In regard to section 405, India claimed that the products
chosen for specific exemptions were products exported
from the European Communities, resulting in a de facto
advantage to these countries over India.
The United States
argued that the rules of origin at issue were not inconsistent
with Article 2 of the RO Agreement, rather, the
rules were enacted to prevent circumvention of established
quotas in addition to preventing transshipment.
The United States further argued that the rules of origin
in question were on a Most Favored Nation (MFN) basis
in accordance with WTO Rules, and resulted in facilitating
the flow of international trade.
Among the issues
before the Panel was the interpretation of the operative
clause of Article 2(b) of the RO Agreement, which
provides that rules of origin shall not be used “as
instruments to pursue trade objectives directly or indirectly,”

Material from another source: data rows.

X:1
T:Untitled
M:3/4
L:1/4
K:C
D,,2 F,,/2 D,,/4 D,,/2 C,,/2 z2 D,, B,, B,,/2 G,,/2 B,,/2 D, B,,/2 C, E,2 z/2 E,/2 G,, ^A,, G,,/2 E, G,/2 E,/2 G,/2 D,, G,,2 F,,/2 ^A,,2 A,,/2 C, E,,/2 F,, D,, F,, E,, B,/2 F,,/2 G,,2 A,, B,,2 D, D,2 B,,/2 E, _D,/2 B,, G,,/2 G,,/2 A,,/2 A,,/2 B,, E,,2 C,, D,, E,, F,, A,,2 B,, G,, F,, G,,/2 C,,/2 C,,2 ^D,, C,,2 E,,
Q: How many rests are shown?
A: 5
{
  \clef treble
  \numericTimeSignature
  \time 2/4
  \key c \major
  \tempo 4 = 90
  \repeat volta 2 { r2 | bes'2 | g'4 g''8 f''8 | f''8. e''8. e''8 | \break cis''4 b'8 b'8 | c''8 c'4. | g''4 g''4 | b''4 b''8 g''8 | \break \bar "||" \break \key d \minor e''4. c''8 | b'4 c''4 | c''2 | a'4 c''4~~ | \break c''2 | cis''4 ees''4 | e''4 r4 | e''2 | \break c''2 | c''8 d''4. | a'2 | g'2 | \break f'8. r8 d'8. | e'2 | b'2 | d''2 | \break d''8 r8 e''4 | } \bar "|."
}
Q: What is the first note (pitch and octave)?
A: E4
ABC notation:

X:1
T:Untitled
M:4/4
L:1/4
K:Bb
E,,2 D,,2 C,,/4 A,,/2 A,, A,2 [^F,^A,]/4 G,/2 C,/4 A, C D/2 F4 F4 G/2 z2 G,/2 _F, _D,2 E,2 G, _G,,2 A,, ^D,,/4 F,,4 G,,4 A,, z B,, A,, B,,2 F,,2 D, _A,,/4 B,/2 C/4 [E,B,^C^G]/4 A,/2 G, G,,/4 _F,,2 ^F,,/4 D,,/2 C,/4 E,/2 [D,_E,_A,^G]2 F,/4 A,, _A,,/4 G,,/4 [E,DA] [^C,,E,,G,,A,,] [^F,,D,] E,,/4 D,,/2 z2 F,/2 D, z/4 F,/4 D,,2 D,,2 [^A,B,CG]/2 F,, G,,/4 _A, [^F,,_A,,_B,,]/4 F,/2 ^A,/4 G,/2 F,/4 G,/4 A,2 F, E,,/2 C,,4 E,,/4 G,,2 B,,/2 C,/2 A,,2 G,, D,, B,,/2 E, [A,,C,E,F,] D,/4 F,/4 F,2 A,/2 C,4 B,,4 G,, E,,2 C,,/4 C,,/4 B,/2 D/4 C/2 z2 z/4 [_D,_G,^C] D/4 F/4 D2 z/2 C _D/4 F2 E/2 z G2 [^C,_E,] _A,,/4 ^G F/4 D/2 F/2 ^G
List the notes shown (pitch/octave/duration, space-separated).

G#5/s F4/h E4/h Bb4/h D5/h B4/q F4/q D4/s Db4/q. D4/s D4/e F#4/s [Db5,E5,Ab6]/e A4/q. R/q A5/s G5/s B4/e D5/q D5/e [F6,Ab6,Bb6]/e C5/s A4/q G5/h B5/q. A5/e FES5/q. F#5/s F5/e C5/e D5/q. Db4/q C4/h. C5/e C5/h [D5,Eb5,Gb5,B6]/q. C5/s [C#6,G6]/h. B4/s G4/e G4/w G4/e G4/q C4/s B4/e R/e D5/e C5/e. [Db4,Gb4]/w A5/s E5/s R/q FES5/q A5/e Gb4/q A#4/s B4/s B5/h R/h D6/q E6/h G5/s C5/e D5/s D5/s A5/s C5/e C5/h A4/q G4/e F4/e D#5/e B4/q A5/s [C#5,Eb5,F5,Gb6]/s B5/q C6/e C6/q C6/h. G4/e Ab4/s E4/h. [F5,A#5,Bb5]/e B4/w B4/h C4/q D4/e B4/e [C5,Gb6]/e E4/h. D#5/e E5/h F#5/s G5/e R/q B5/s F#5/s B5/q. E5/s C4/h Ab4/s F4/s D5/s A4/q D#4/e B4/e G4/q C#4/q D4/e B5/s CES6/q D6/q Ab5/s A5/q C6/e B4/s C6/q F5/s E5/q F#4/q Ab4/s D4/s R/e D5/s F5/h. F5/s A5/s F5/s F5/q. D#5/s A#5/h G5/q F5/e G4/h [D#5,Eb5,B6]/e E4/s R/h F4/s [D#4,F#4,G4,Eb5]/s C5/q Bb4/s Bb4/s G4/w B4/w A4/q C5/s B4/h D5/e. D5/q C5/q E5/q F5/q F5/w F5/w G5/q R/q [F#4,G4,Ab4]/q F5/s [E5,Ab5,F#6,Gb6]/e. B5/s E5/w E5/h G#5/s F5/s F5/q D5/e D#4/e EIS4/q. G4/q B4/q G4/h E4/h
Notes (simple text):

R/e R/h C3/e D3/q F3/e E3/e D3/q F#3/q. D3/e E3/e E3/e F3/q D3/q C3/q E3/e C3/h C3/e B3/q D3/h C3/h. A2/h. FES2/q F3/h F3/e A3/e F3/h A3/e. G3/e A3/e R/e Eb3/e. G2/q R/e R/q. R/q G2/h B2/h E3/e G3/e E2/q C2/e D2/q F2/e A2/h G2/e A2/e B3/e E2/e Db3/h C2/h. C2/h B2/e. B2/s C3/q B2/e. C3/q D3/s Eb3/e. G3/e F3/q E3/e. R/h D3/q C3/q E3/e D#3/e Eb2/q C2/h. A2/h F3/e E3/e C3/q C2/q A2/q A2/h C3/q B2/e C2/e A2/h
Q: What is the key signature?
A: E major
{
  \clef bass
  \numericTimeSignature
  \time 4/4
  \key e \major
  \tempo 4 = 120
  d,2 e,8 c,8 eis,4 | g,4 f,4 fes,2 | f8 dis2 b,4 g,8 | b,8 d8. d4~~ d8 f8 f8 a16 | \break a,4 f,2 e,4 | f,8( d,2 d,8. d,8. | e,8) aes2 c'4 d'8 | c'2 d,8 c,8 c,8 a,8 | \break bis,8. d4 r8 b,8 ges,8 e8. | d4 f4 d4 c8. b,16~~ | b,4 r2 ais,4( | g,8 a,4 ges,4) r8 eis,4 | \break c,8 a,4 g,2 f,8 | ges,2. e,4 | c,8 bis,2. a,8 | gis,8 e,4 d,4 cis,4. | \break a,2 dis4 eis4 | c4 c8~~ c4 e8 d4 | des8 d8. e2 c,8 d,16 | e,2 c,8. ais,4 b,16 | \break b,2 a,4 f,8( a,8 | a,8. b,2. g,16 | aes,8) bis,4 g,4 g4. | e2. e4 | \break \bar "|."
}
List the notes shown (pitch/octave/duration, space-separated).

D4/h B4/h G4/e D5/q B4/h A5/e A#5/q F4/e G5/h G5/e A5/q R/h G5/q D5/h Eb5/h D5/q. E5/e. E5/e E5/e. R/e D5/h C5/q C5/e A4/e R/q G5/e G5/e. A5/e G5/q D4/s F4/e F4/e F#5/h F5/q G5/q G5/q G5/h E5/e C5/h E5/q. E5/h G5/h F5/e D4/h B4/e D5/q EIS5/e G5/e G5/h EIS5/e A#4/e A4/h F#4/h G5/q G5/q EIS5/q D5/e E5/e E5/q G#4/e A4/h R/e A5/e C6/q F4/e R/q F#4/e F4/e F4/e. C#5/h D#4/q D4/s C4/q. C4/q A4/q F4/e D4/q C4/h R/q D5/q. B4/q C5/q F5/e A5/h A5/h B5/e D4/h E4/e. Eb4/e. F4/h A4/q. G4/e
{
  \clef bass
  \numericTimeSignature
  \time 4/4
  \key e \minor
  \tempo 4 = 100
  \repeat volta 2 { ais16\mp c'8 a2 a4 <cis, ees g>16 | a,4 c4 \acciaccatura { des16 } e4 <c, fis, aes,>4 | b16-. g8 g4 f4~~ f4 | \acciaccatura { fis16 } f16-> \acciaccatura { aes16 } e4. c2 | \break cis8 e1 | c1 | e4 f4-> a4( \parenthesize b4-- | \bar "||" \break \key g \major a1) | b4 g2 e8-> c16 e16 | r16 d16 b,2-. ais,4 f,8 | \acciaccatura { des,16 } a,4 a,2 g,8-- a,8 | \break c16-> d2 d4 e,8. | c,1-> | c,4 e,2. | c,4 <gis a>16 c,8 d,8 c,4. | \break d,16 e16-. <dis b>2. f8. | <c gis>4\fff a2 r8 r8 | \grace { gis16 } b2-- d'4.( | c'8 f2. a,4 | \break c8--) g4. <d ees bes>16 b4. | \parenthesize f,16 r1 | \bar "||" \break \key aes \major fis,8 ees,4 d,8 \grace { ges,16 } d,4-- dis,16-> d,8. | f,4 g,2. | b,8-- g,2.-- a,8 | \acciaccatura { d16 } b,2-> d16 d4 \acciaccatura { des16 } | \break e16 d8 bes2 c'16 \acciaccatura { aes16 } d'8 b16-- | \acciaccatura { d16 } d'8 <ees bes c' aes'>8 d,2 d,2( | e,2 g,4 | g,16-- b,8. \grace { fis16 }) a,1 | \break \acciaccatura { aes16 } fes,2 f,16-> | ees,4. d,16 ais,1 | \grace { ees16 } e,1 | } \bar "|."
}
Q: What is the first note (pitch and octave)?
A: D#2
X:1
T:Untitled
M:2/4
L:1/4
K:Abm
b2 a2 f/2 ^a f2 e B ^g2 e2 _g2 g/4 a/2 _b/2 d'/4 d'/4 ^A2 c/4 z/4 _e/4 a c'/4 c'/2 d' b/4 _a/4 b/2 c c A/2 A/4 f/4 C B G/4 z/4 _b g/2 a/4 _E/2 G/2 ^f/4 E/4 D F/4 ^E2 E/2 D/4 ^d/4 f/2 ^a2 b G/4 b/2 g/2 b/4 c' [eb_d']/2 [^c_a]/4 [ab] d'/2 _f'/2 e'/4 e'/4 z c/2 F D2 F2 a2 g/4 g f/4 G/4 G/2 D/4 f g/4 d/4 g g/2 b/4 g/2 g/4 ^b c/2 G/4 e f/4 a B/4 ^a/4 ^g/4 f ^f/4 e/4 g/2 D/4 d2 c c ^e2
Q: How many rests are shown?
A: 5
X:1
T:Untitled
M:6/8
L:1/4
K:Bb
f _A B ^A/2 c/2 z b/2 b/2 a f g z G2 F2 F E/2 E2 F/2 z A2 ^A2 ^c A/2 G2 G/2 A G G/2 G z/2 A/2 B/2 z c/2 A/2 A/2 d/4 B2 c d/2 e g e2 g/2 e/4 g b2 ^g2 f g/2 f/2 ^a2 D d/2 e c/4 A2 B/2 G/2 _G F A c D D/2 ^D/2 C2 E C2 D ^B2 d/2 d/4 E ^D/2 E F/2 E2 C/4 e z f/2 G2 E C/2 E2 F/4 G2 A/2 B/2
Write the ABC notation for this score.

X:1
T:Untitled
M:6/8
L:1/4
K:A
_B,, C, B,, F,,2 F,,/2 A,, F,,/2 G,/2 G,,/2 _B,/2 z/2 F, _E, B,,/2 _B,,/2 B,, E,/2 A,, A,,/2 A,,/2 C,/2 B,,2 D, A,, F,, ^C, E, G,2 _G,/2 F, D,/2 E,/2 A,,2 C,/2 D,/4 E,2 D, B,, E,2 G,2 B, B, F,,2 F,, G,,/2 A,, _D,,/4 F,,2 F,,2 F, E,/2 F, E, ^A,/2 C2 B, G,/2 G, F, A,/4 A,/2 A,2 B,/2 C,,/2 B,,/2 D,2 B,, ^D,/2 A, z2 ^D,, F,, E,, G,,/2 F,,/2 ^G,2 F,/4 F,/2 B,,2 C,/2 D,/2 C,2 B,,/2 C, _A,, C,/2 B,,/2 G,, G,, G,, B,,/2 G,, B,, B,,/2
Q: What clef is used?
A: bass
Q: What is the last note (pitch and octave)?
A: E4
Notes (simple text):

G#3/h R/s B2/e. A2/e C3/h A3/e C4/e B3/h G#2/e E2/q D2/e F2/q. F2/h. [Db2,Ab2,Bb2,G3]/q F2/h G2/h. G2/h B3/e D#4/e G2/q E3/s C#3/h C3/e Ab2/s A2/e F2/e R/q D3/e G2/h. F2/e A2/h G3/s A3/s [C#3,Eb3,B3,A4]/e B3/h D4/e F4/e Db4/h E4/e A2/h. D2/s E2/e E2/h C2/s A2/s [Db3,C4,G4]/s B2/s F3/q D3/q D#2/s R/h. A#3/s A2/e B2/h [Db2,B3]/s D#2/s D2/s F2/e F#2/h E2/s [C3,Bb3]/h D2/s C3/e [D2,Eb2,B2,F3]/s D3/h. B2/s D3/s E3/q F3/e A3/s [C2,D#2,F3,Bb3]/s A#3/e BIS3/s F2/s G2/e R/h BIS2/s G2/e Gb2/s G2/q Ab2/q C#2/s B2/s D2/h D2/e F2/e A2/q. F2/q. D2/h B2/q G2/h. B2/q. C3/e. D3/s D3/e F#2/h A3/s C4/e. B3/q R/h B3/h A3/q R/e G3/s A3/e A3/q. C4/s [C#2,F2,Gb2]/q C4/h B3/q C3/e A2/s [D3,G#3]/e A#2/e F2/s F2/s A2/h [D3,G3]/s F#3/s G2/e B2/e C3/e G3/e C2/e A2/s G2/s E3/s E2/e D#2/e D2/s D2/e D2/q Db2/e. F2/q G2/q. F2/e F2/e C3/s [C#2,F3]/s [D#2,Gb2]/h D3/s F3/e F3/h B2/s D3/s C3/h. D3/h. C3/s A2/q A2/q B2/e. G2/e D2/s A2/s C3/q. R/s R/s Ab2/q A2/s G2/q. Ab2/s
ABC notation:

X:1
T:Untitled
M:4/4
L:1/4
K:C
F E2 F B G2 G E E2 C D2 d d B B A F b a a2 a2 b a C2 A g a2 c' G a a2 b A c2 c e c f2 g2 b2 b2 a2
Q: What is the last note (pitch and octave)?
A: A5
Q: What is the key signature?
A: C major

along with its preceding clause of “notwithstanding
the measure or instrument of commercial policy to which
they are linked.” The Panel interpreted these phrases
as meaning that a measure or instrument of commercial
policy may have restrictive, distorting or disruptive
effects in international trade, but “rules of origin
in and of themselves should not have such adverse effects.”
The Panel observed
that “protecting domestic industry against import
competition” and of “favoring imports from
one Member over imports from another” may in principle
be considered “trade objectives,” for which
rules of origin may not be used. The Panel found however,
that the United States’ use of sector-specific quotas
rather than country-specific quotas was in accordance
with the Agreement on Textiles and Clothing and
therefore did not result in discriminatory, protectionist
measures against India. In terms of section 405 of the
Trade and Development Act, the Panel found that since
it applied “equally to all qualifying goods from
all [WTO] Members,” it could not be said that section
405 was being employed as a means of favoring European
Communities’ imports over imports from other WTO
Members.
In sum, the Panel
rejected all of India’s arguments concerning the
United States’ application of rules of origin for
textile and apparel products, and held, inter alia,
that the rules of origin were not administered in a discriminatory
manner, that they were not adopted in order to protect
the U.S. textile industry from foreign competition, and
that the U.S. rules of origin did not distort or restrict
international trade.
India will have
thirty (30) days to appeal the decision.
United States (U.S.) District Court for the District
of Columbia: Peterson et al. v. Islamic Republic of
Iran, No. 01-2094 (May 30, 2003) and Boulos et
al. v. Islamic Republic of Iran, No. 01-2684 (May
30, 2003)
The District
Court entered a default judgment against the Islamic Republic
of Iran and the Iranian Ministry of Information and Security,
holding defendants “jointly and severally liable
to the plaintiffs for compensatory and punitive damages”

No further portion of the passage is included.